§ **WHAT IS EXPECTED**:
Copy out the lines below that hold the word "with".

§ **Stored data**:
____
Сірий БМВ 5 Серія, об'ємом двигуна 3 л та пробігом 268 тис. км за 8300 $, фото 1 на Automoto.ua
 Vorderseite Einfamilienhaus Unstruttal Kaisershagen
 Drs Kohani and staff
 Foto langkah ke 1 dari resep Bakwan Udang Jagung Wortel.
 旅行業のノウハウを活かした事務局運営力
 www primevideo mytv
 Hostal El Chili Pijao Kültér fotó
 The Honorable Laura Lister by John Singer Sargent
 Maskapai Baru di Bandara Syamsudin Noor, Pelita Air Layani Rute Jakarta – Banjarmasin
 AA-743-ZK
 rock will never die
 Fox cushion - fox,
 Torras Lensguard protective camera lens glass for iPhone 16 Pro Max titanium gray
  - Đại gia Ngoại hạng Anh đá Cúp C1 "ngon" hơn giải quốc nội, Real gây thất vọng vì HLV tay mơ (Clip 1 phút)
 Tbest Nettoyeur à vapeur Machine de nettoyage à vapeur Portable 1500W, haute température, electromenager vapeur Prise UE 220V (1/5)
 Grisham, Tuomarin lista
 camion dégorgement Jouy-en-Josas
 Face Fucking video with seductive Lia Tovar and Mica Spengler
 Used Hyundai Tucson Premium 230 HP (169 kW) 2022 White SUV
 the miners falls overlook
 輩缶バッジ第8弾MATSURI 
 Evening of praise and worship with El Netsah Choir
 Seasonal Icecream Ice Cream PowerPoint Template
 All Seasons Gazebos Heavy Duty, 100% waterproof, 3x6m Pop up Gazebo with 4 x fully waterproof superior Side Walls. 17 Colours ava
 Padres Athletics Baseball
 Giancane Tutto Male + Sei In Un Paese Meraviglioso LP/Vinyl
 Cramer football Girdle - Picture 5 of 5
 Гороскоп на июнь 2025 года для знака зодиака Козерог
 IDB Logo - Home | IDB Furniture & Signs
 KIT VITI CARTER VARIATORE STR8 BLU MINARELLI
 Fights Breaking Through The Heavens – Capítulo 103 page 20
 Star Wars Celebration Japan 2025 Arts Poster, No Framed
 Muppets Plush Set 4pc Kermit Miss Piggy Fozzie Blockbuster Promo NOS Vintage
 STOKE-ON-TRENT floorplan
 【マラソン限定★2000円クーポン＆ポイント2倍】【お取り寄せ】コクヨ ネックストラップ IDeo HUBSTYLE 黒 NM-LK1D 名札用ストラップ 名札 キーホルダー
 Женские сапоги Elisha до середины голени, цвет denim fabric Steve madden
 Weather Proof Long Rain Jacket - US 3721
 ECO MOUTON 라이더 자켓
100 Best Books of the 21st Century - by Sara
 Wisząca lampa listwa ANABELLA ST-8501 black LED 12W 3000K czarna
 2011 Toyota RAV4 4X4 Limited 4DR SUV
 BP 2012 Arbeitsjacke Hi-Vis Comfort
____
§ **ANSWER BELOW**:
 Face Fucking video with seductive Lia Tovar and Mica Spengler
 Evening of praise and worship with El Netsah Choir
 All Seasons Gazebos Heavy Duty, 100% waterproof, 3x6m Pop up Gazebo with 4 x fully waterproof superior Side Walls. 17 Colours ava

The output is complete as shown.